Required work - Among the entries that follow, the required portion opens with the line containing "Invitation card design" and closes with the line containing "Alarm Clock for". Give that portion again exactly, and nothing else.

(Short descriptive text snippets)

--*--

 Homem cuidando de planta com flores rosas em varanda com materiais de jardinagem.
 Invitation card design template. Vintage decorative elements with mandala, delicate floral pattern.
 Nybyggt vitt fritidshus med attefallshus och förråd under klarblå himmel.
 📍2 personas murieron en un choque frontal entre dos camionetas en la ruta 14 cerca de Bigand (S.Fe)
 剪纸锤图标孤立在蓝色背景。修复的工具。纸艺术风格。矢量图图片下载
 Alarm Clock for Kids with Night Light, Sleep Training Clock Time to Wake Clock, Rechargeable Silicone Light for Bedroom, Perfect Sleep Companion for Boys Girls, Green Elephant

--*--

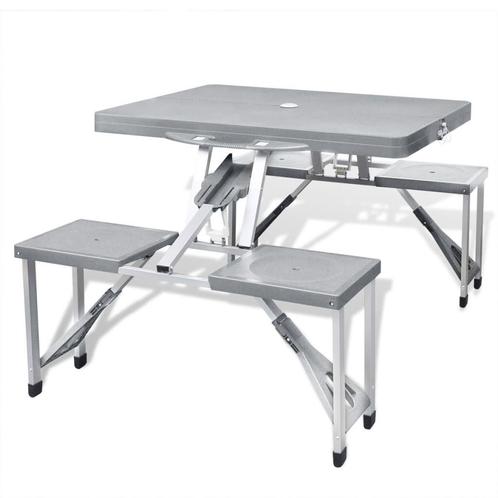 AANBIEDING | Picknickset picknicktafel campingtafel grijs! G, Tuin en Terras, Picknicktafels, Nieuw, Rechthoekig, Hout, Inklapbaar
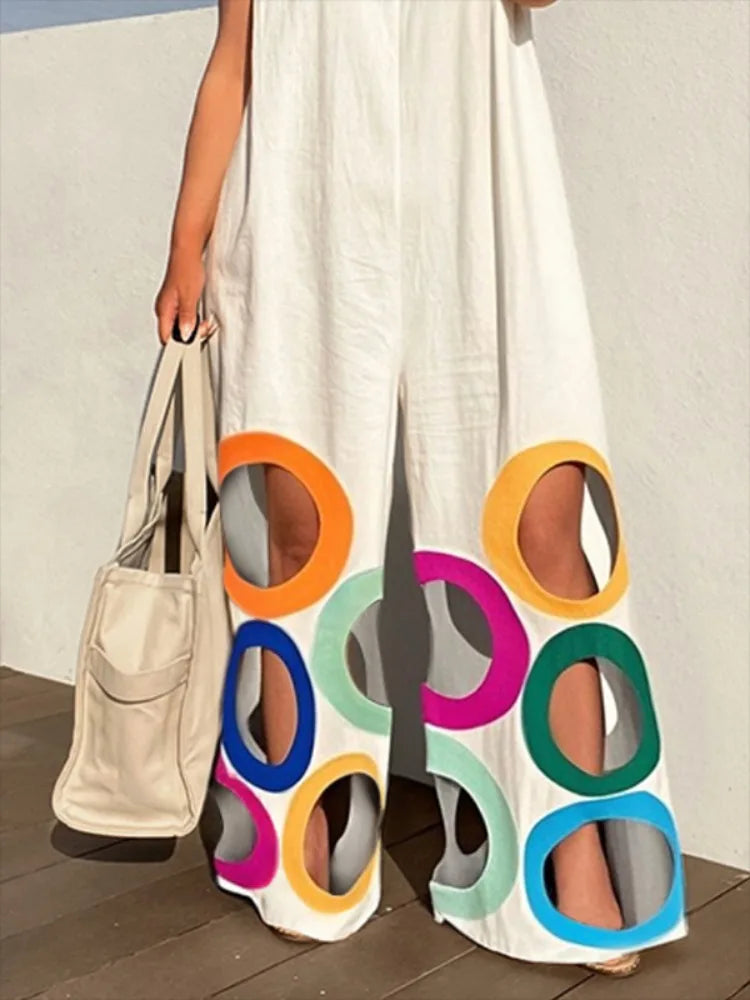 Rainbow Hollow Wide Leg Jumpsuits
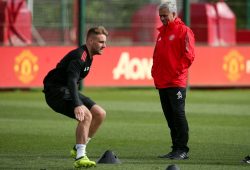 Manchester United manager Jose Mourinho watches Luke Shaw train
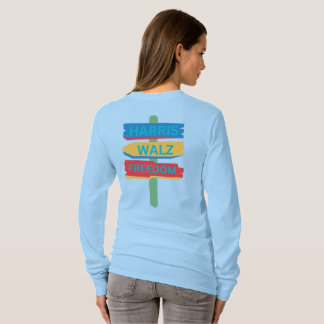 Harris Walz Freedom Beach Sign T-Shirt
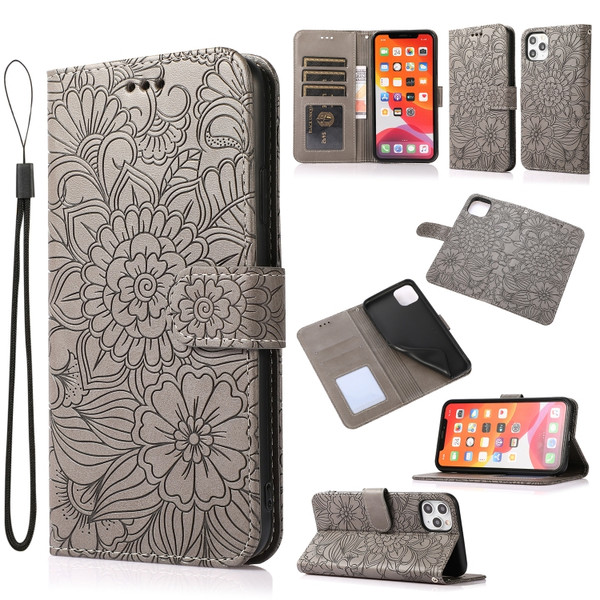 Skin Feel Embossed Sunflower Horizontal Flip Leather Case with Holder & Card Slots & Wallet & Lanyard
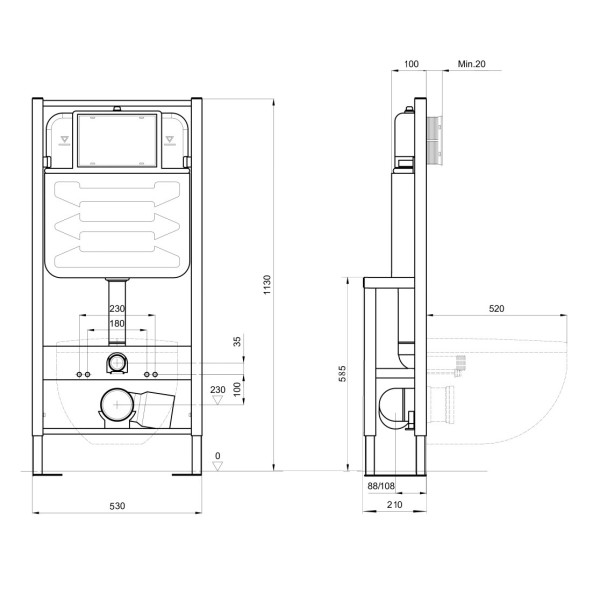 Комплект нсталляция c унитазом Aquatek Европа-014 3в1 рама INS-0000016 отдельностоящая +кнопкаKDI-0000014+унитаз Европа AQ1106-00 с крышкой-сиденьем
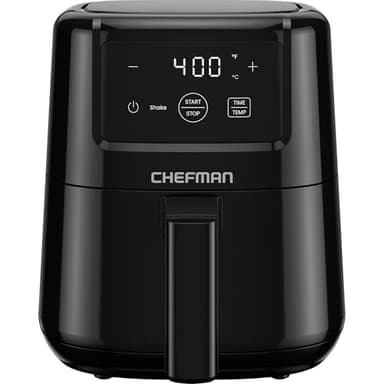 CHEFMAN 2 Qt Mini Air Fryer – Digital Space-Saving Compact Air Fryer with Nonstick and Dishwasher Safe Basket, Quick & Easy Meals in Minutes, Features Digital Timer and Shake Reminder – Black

--*--

Your response -
 Invitation card design template. Vintage decorative elements with mandala, delicate floral pattern.
 Nybyggt vitt fritidshus med attefallshus och förråd under klarblå himmel.
 📍2 personas murieron en un choque frontal entre dos camionetas en la ruta 14 cerca de Bigand (S.Fe)
 剪纸锤图标孤立在蓝色背景。修复的工具。纸艺术风格。矢量图图片下载
 Alarm Clock for Kids with Night Light, Sleep Training Clock Time to Wake Clock, Rechargeable Silicone Light for Bedroom, Perfect Sleep Companion for Boys Girls, Green Elephant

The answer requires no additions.